Зной на открытых склонах принялся за полуживые головки отцветающих ромашек, а глубокие расщелины слепой настойчивостью отвергнутого любовника пытались погасить пожар чужой страсти. Последние ватные клочки влаги, выплывающие из полумрака ущелий, с яростью жаждущего отмщения беспощадно проглатывались солнцем.

Мне всегда нравился этот уютный, спрятавшийся в зелени горных склонов городок. Наверное, и в сотое посещение он бы не разбудил во мне иного чувства, чем тихое умиротворение. Сколько их, городов и городков, осталось нестираемым пятном памяти. Они, как цветные и черно-белые слайды, отпечатались в сознании, каждый со своей особенностью, но редко – с тоской. Похожий внешне, в череде других именно он запал тоскливыми нотками, но не теми, от которых бережешь сердце, – здесь другое, вроде бурной «Поэмы экстаза» в камерном звучании большого органа. Ни дать, ни взять, ни удивить в материальном измышлении, а лишь перелопатить жерновами мыслей несдуваемый пепел сознания. Иногда удовлетворения от того больше, чем от иного настоящего, осязаемого, обоняемого и, более того, довлеющего навязчивой бесполезностью

Содержательный чемоданишко неприятно занимал руки, но близкие вокзалы быстро решили проблему ручной клади. По неширокой улице с шапкой деревьев, напоминающей голову великого революционного мыслителя, в новом импортном прикиде, я косился в зеркальные витрины проплывающих по сторонам многочисленных магазинов и кафе. Изощряясь, сквозь труднопробиваемую броню листвы солнце ласкалось на лице. Степенные, больше молодые, никуда не спешащие люди добродушно отдавались его воле, находя в его бликах каждый свой ответ.

– На счастье, – хохотнула она, сыграв свою очень маленькую, но такую магическую роль.

Сделалось обидно, почему именно она, так удачно схватившая унисон, не захотела иметь продолжение в сценарии с моим участием. Замершая во мне, пока никак не обоснованная тоска вдруг удвоилась несвоевременной желтизной подаренного листа. Обернулся по сторонам, пытаясь найти ответ новоявленной магии очарования, и… нашел его в примитивном решении, уподобившись плеяде незадачливых умов.
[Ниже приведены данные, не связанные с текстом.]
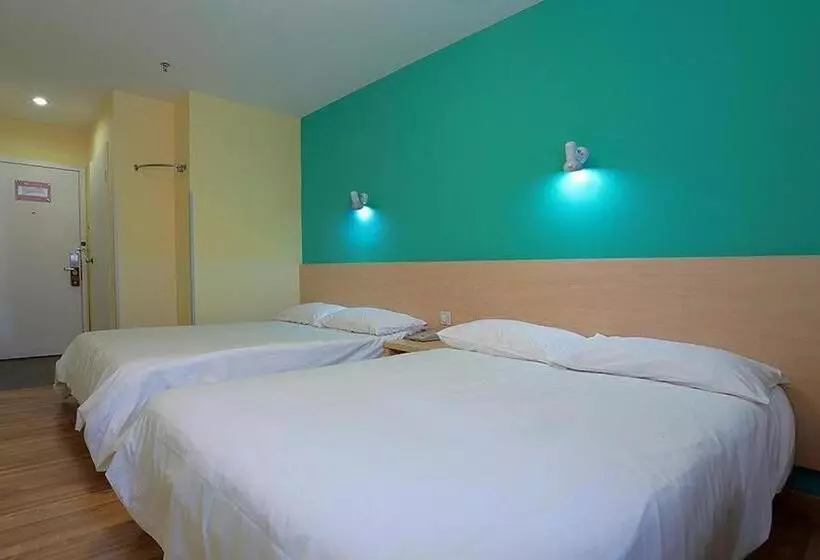 Ji Hotel Gu An Daxing International Airport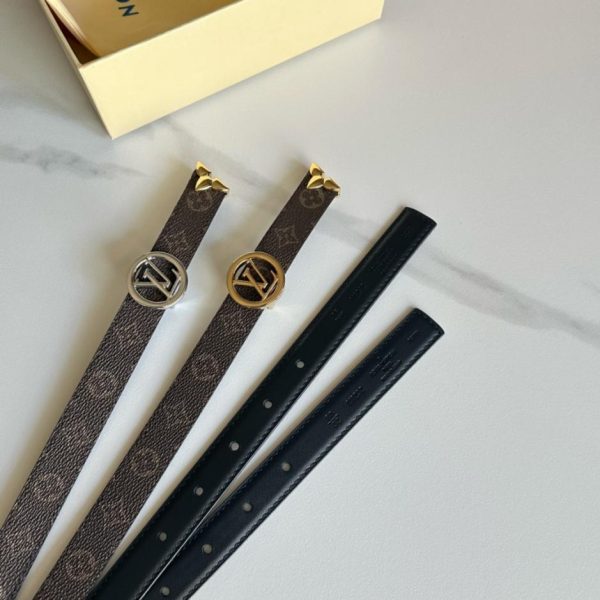 replica,repliche,fake,1:1,earrings,bracelet,ring,jewelry LOUIS VUITTON S-Lock larghezza 20mm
На взгорке, среди густоты реликтовых посадок, бликовало множество маленьких солнц – со мной откровенно флиртовало оконце знакомого ресторанчика. Среди прочих слепленных на круче миниатюрных строений оно напоминало собой гнездо ласточки. При виде знакомого и обыденного сердце, увы, не сжалось в приятной истоме ожидания, что случается обычно в находке приятного продолжения, хотя и екнуло под ребром тривиальностью очевидного последствия. Сработал эффект магнита, подпитываемый непреходящей, не объяснимой по качеству, необыкновенной тоской.

И вот уже доброжелательная официантка зависла в ожидании начала твоего падения. Лица как-то вдруг обезличились – совсем не обозначилась ее внешность, помнится одно замысловатое белое пятно ее передника.

С хладнокровностью наблюдал за сервировкой стола, не преминув в промежутках запрокинуть голову. Жгучее тепло и кондиционированный воздух, как два яростных антагониста, с трудом сдерживали безумство провала в никуда.

Даже большие промежутки посещений этого ресторанчика оставляли приятное воспоминание послевкусия без халтуры – здесь всегда крепко держали каждого посетителя за высокого гостя.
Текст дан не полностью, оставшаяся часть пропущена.